====== The input

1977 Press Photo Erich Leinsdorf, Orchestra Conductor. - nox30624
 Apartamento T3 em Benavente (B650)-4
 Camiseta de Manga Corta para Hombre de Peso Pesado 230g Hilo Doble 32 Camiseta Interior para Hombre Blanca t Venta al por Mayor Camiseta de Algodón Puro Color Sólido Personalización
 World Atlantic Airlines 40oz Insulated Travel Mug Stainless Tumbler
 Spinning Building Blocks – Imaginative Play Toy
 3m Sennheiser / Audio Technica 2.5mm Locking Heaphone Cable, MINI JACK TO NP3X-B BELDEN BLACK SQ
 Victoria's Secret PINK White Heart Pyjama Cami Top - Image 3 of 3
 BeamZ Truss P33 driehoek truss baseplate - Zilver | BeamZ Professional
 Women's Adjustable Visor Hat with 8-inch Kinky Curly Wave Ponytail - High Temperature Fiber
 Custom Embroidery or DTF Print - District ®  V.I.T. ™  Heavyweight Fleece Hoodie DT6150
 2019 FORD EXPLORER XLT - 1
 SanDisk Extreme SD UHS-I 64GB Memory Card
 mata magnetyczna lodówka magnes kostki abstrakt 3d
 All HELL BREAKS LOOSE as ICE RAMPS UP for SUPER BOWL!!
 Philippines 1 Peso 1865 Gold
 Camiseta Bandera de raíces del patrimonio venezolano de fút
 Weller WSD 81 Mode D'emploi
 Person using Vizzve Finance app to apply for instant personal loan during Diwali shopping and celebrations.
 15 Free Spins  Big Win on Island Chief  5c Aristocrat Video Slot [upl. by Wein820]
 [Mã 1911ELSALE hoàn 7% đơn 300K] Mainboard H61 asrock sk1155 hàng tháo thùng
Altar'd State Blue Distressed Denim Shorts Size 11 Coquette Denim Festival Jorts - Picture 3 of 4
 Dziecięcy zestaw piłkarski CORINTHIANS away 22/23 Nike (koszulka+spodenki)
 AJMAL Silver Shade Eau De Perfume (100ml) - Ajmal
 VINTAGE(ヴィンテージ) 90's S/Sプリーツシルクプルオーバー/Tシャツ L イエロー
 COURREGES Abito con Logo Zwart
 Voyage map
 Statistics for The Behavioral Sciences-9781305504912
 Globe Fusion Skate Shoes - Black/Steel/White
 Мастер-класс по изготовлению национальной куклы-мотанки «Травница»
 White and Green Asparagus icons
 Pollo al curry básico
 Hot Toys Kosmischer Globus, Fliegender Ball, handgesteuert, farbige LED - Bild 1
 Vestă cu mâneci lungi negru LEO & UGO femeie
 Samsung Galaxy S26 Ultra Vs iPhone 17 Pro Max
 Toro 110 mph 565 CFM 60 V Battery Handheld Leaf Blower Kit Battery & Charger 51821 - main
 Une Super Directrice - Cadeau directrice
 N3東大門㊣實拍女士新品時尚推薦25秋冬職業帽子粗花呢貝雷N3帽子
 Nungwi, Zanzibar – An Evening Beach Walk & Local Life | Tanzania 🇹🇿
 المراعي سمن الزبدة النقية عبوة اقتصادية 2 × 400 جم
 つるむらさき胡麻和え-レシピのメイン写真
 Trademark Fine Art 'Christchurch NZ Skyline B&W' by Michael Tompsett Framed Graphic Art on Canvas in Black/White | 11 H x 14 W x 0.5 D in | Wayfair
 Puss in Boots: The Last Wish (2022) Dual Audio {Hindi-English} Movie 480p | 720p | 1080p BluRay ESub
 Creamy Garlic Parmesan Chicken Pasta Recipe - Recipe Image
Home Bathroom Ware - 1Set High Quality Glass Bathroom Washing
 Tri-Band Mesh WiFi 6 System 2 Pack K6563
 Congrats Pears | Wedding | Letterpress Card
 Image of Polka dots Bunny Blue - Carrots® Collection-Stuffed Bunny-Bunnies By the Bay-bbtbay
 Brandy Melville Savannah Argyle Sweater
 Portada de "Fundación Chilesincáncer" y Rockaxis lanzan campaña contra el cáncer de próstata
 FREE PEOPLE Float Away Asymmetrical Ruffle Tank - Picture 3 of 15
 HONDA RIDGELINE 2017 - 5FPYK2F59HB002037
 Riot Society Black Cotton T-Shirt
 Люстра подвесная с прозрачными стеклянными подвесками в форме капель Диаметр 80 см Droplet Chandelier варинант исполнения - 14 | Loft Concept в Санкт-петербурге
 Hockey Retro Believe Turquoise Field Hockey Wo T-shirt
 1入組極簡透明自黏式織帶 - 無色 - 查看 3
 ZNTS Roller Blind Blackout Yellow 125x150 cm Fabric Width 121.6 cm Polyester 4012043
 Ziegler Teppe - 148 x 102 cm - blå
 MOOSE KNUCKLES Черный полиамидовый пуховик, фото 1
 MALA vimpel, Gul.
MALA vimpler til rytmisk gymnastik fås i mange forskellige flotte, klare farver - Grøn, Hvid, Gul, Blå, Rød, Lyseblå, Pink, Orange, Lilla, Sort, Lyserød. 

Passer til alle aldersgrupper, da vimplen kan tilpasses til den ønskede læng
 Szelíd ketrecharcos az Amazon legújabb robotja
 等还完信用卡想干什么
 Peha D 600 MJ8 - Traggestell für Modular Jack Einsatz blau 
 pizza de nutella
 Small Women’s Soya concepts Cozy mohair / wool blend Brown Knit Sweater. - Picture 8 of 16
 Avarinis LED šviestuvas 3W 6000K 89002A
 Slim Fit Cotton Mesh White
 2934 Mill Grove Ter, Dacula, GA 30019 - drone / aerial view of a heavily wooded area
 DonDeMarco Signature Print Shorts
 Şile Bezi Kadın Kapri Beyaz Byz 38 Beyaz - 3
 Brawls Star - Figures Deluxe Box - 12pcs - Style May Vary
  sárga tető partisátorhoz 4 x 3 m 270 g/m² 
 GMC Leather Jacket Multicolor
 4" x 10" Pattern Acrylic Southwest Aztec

============

Problem details:
Nothing but a number is wanted: report how many lines in the entries above contain the string "Image".

Output of the task:
3